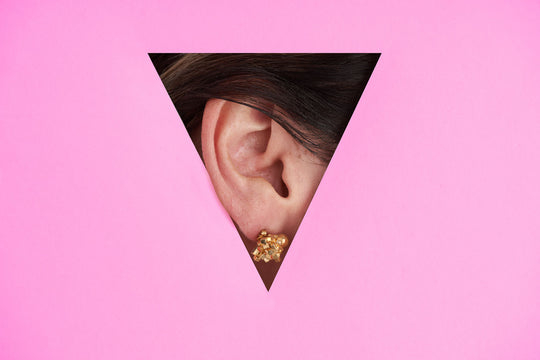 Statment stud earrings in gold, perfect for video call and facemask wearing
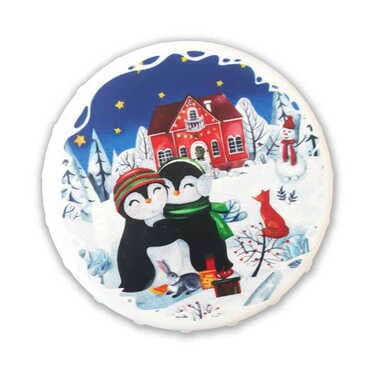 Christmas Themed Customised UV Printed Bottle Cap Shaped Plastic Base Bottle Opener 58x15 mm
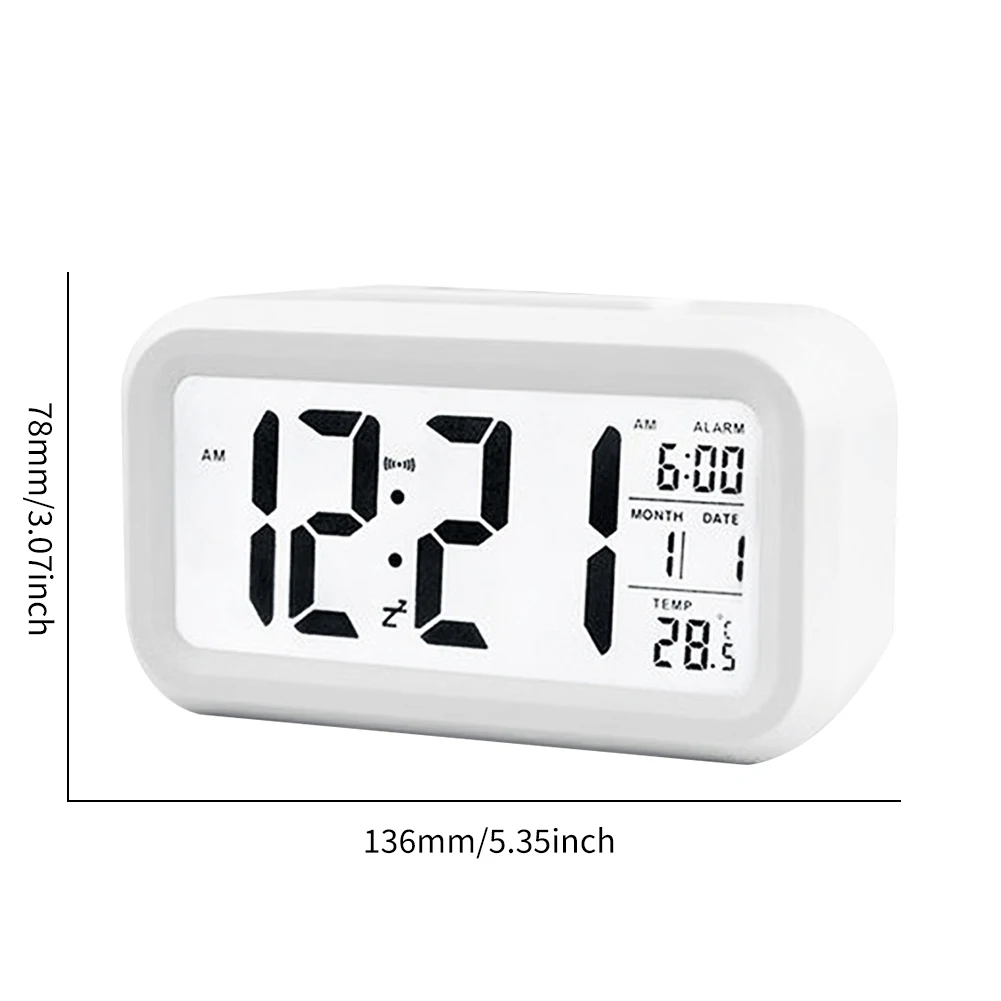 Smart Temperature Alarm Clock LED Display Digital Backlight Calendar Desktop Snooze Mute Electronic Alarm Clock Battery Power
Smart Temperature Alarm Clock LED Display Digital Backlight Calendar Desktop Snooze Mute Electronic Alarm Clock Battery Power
• • • • •
● **To do**: Set out the material once more, exact in every line, with no images.

● **Solution**:
 Statment stud earrings in gold, perfect for video call and facemask wearing
 Christmas Themed Customised UV Printed Bottle Cap Shaped Plastic Base Bottle Opener 58x15 mm
 Smart Temperature Alarm Clock LED Display Digital Backlight Calendar Desktop Snooze Mute Electronic Alarm Clock Battery Power
Smart Temperature Alarm Clock LED Display Digital Backlight Calendar Desktop Snooze Mute Electronic Alarm Clock Battery Power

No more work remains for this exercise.